- **GIVEN DATA**
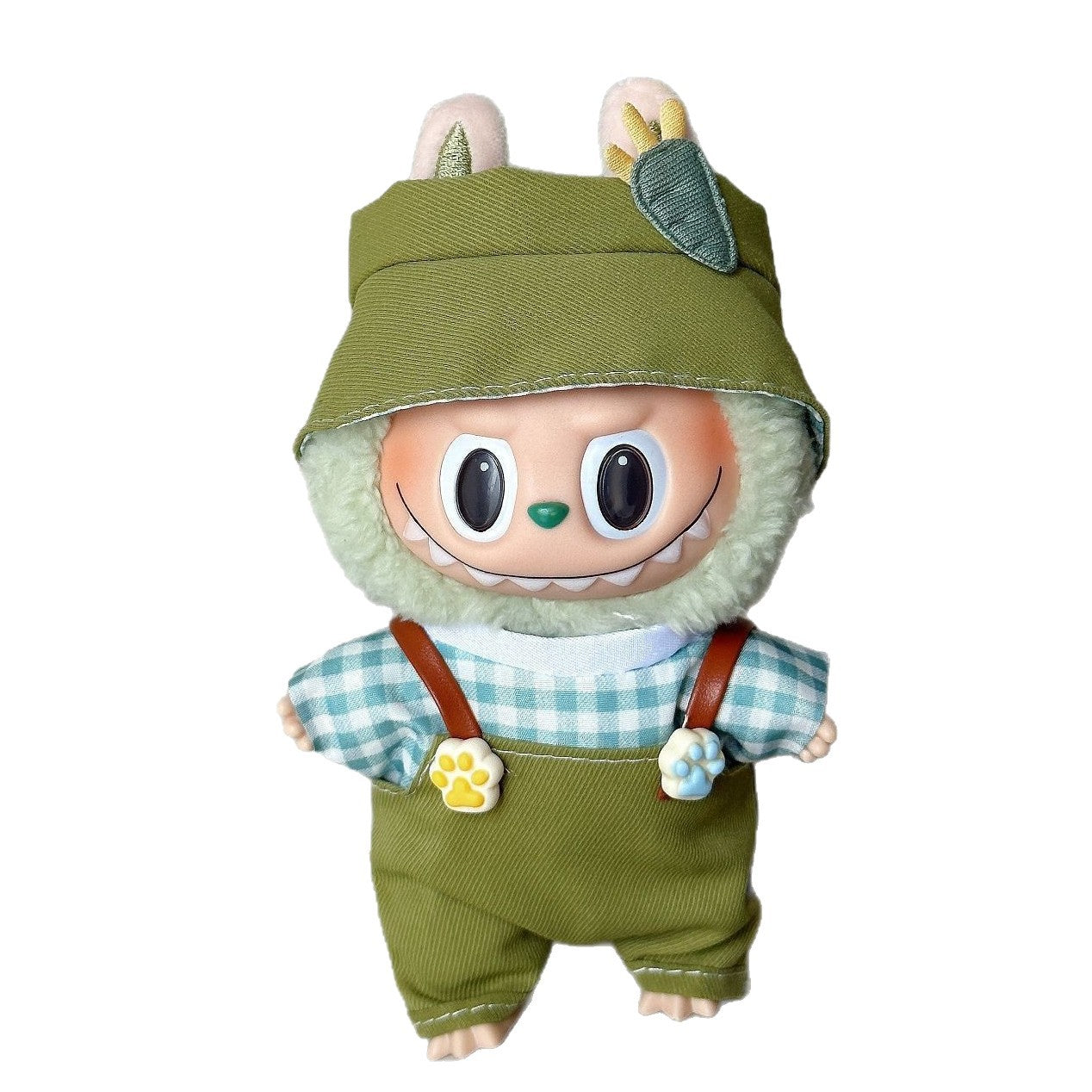 3-Piece Spring Picnic Outfit for 17cm/6.69inch labubu Doll – Green Overalls + Gingham Shirt + Hat | Cute Travel Style Set (Doll Not Included)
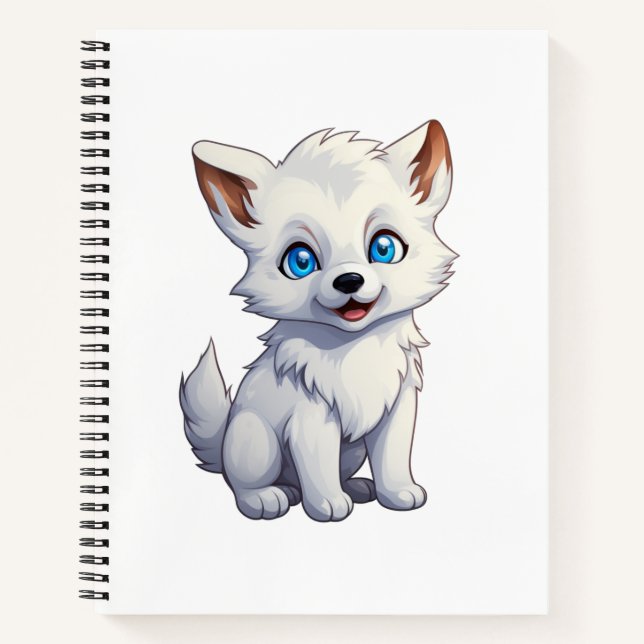 Cartoon wolf illustration notebook (Front)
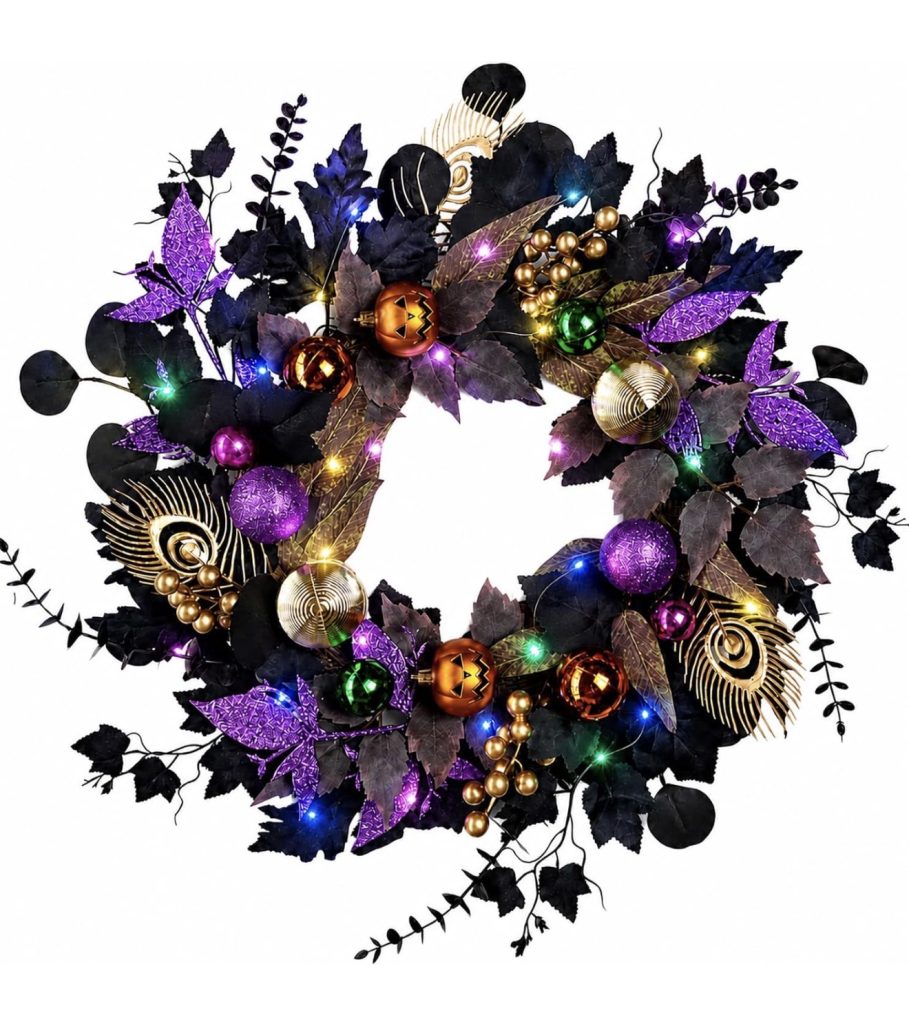 Black Pumpkin and Dried Branch Wreath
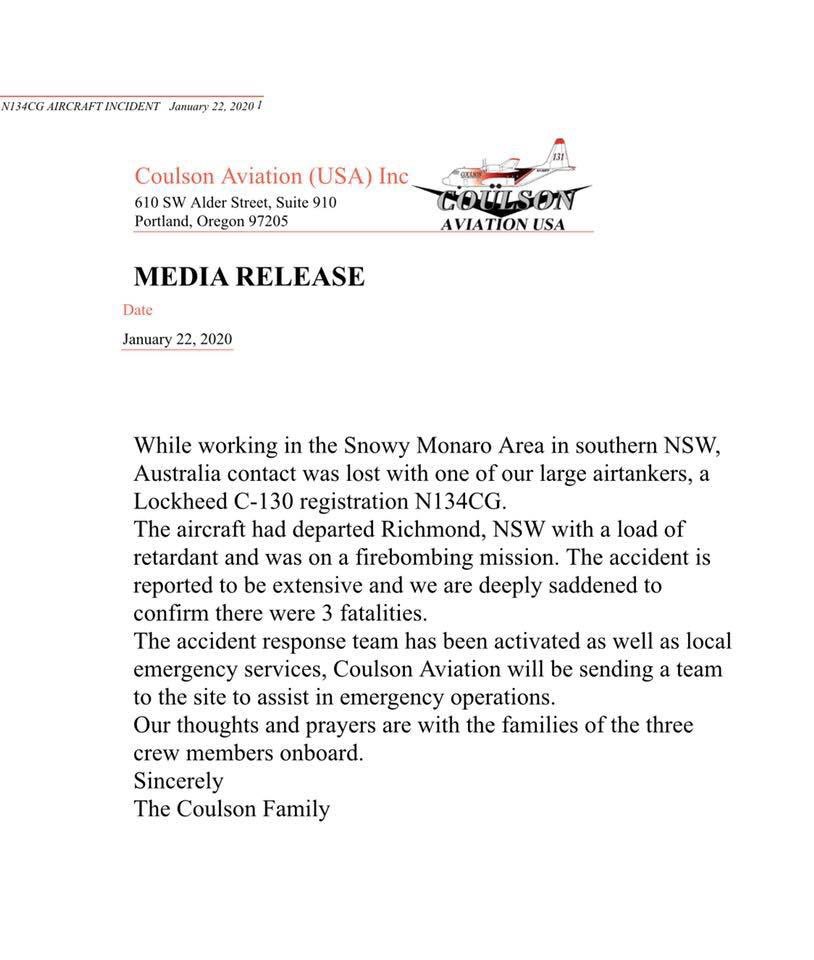 RIP and thank you for your service to the Australian community and our hard working Australian fire fighters.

- **TASK BRIEF**
Write every line above again exactly, but leave the pictures out.

- **EXERCISE RESULT**
 3-Piece Spring Picnic Outfit for 17cm/6.69inch labubu Doll – Green Overalls + Gingham Shirt + Hat | Cute Travel Style Set (Doll Not Included)
 Cartoon wolf illustration notebook (Front)
 Black Pumpkin and Dried Branch Wreath
 RIP and thank you for your service to the Australian community and our hard working Australian fire fighters.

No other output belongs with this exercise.